The most plausible candidate gene in the region for the observed effect at this locus is, however, the
CXADR gene, located 98 kb downstream of the association signal. This gene encodes the Coxsackievirus and adenovirus receptor (CAR) protein, which is mostly expressed in the heart, brain and pancreas [
15]. CAR has a long-recognised role as viral receptor in the pathogenesis of viral myocarditis and its sequela of dilated cardiomyopathy [
16,
17]. Upon infection, the enteroviral (as is the Coxsackie B virus) protease 2A cleaves dystrophin, resulting in disruption of the dystrophin–glycoprotein complex, a component of the cytoskeleton of cardiac myocytes [
18]. Interestingly, frequency of active Coxsackie B virus infection has been reported to be high in a group of MI patients who died suddenly [
19]. The physiological role of CAR was initially less clear. It is expressed at the intercalated disc between cardiomyocytes, suggesting a role in conduction of the cardiac electrical impulse and cell–cell communication [
20,
21]. Indeed, two studies have reported a physiological role for CAR in localisation of connexin 45 at the intercalated disks of atrioventricular node cardiomyocytes as well as its role in conduction of the cardiac impulse within this cardiac compartment [
22,
23]. In addition, protein levels of connexin 43, which is expressed in atrial and ventricular myocytes and in distal parts of the conduction system, were reduced in CAR-deficient mice, suggesting that loss of CAR could impact on ventricular conduction [
23]. Thus,
CXADR is a candidate gene for the association reported here.

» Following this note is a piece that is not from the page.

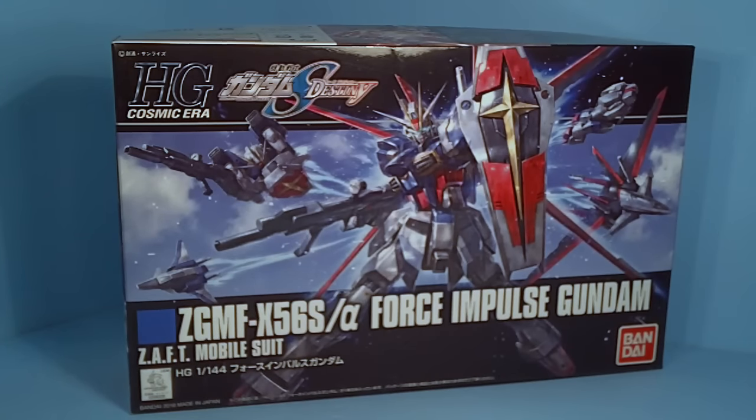Hello everybody, it's the unboxing of the 1/144 High Grade Force Impulse Revive — a brand new High Grade Force Impulse. We also got the stupid P-Bandai exclusives of the Force Impulse, the Blast Impulse, and the Sword Impulse. I would much rather have the Sword Impulse than the Force Impulse, but oh well.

However, providing support for a role of
CXADR (or any other gene) in mediating the observed effect is a daunting task. The SNPs mediating the association signal on chromosome 21q21 are not linked to amino acid changing variants within the CAR coding region (or any other gene in the region). This precludes an effect through functional variation of a gene product, implying that the role of these SNPs in modulation of arrhythmia risk is to be sought in effects on gene expression. Effects of common genetic variation on gene expression is considered to be an important mechanism impacting on inter-individual variation in disease susceptibility, and many GWAS studies have in fact identified many signals within non-coding (intronic and intergenic) regions [
24]. This will require studying gene expression as a function of genotype at this locus in the human heart.